Exercise details
Would you print the data below exactly, leaving out every picture?

Material provided Block Start

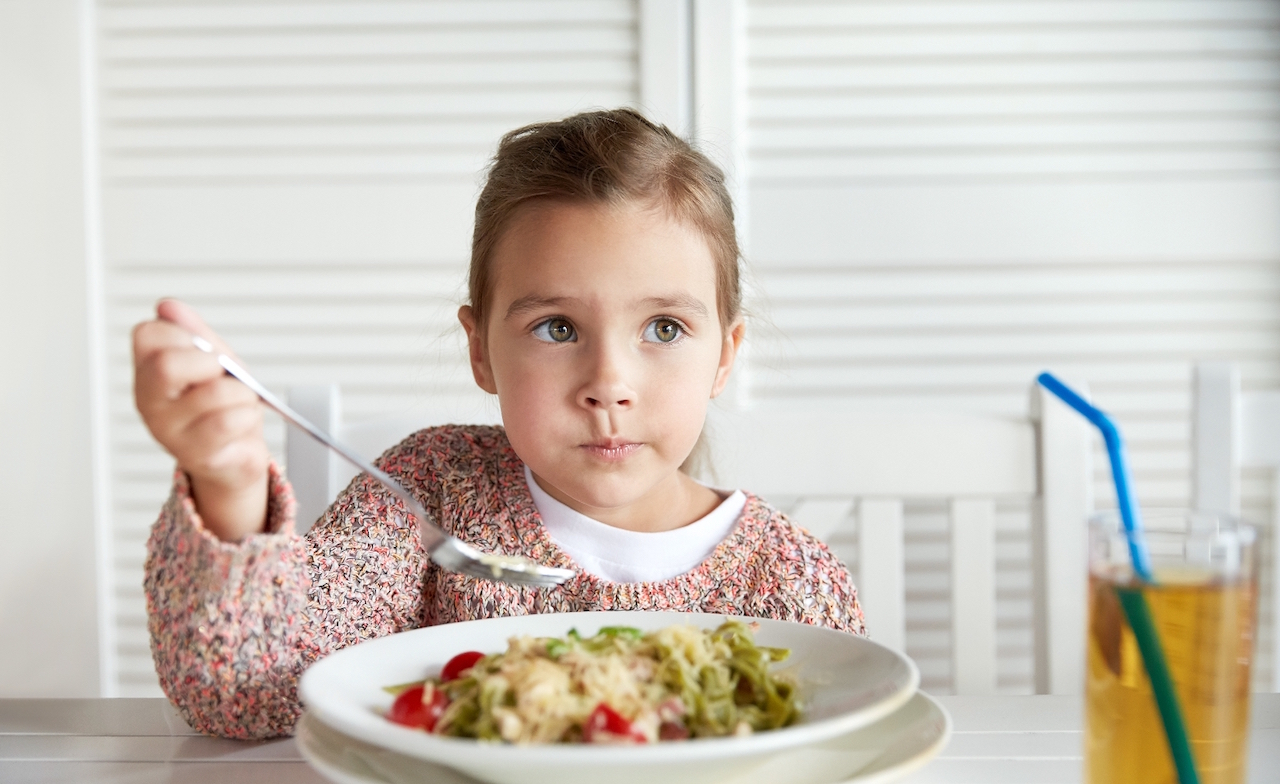 Are More Family Dinners The Key To Curbing Kids’ Picky Eating Habits ...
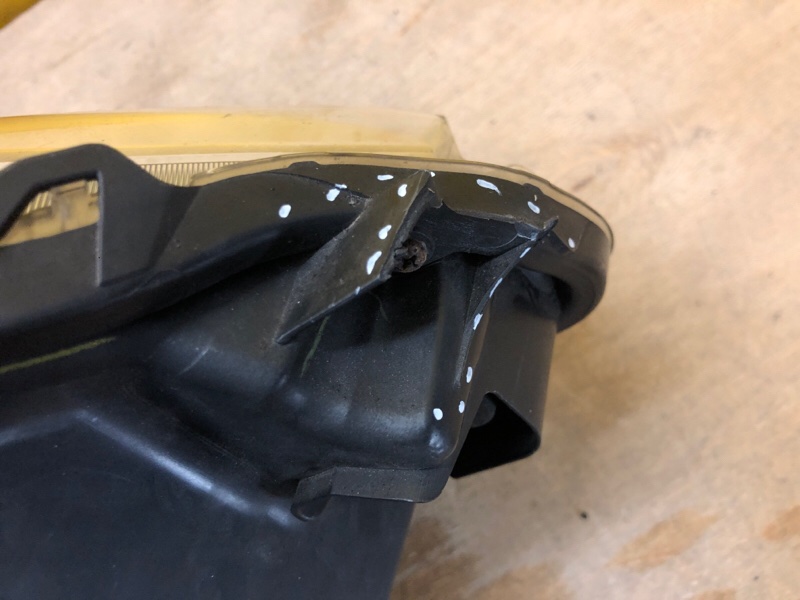 Фара левая X-TRAIL/ROGUE T32 13-20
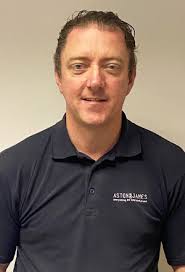Meet our fantastic hardworking team at Aston & James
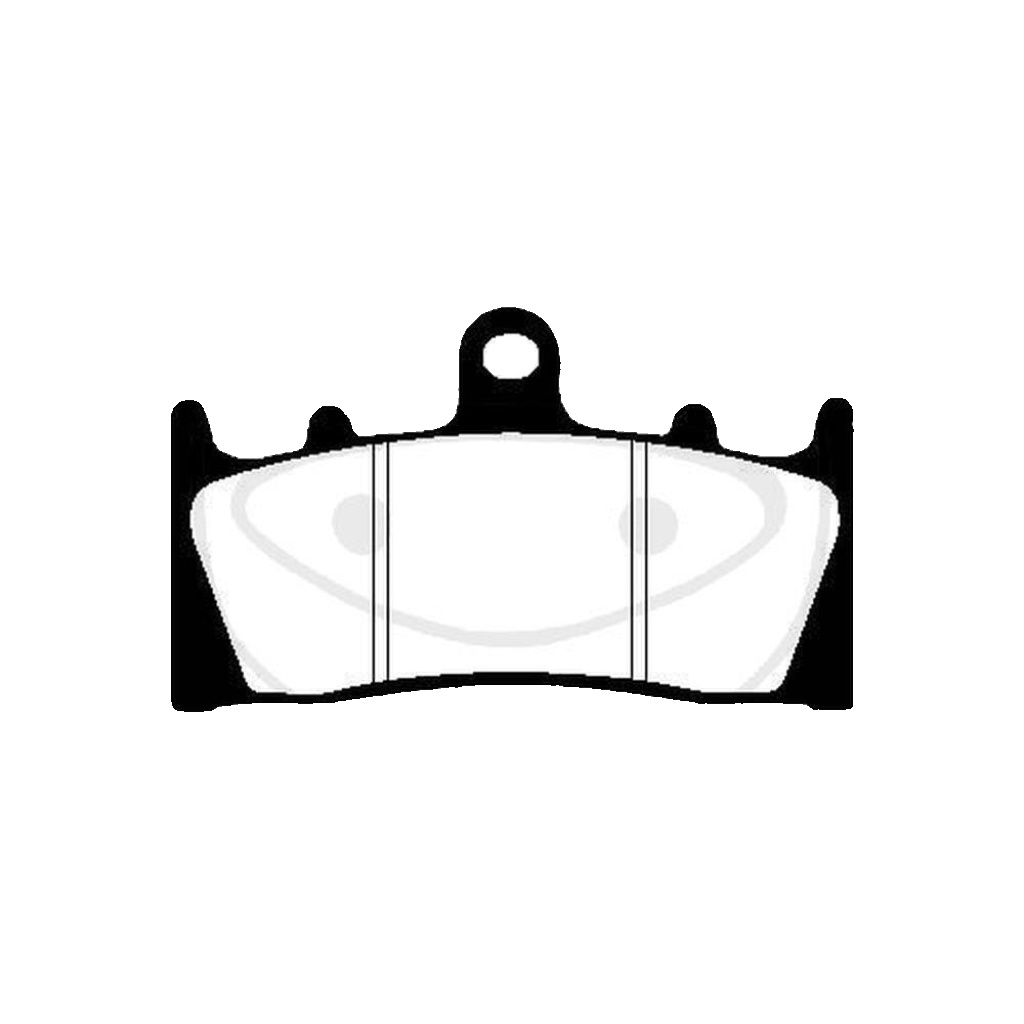 EBC Front Brake Pads Kawasaki ZX12R 2000 2001 2002 2003 A1 A2 B1 B2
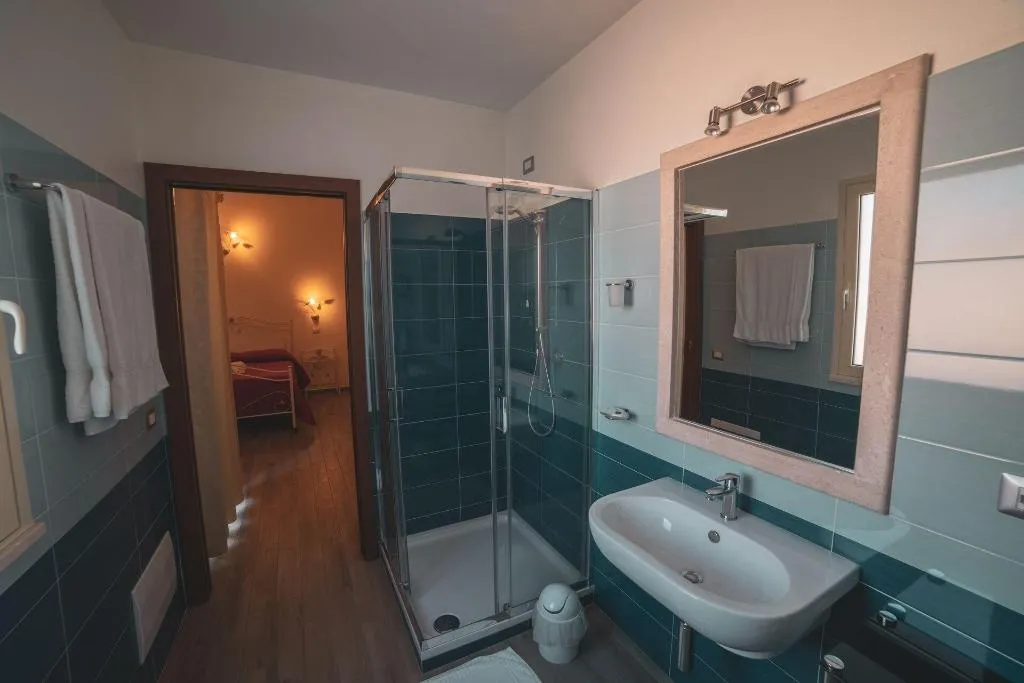 Room, Villa Alberta, Cagliari
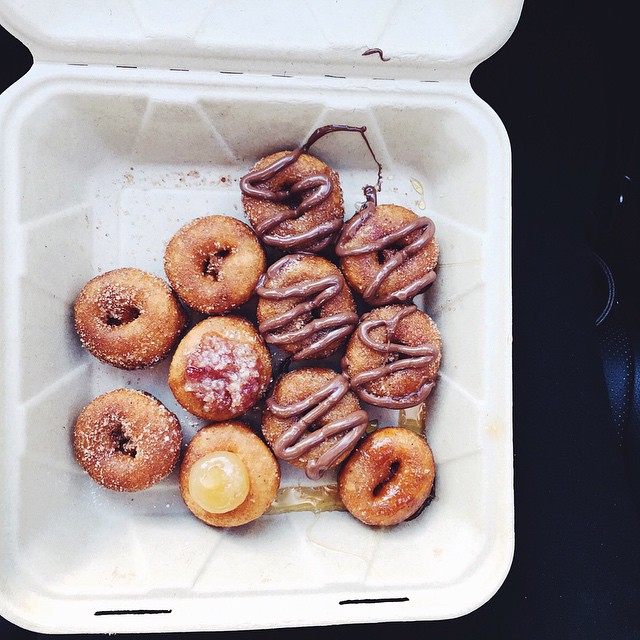 Pip's Doughnuts - Portland, OR Minimalist Baker Dining Guide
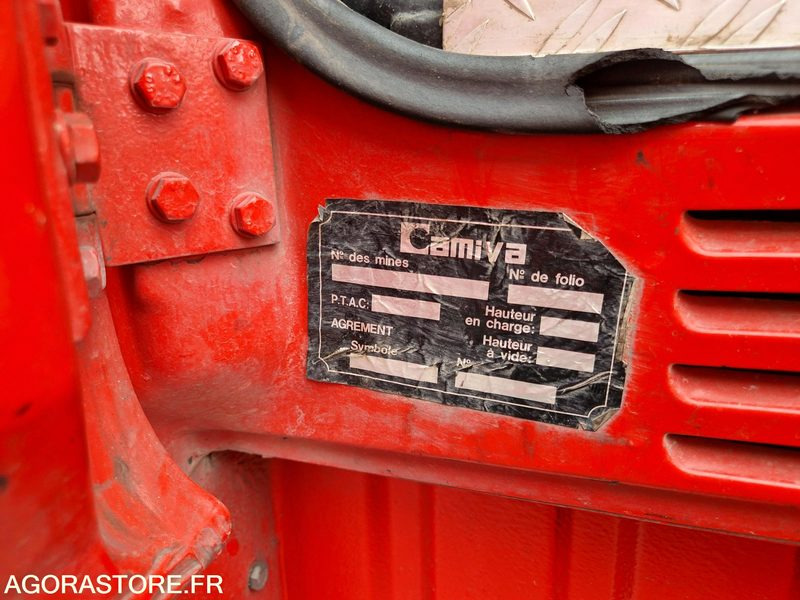 شاحنة Renault Midliner 180 - 4545RJ36: صورة 7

Material provided Block End

Answer space
 Are More Family Dinners The Key To Curbing Kids’ Picky Eating Habits ...
 Фара левая X-TRAIL/ROGUE T32 13-20
Meet our fantastic hardworking team at Aston & James
 EBC Front Brake Pads Kawasaki ZX12R 2000 2001 2002 2003 A1 A2 B1 B2
 Room, Villa Alberta, Cagliari
 Pip's Doughnuts - Portland, OR Minimalist Baker Dining Guide
 شاحنة Renault Midliner 180 - 4545RJ36: صورة 7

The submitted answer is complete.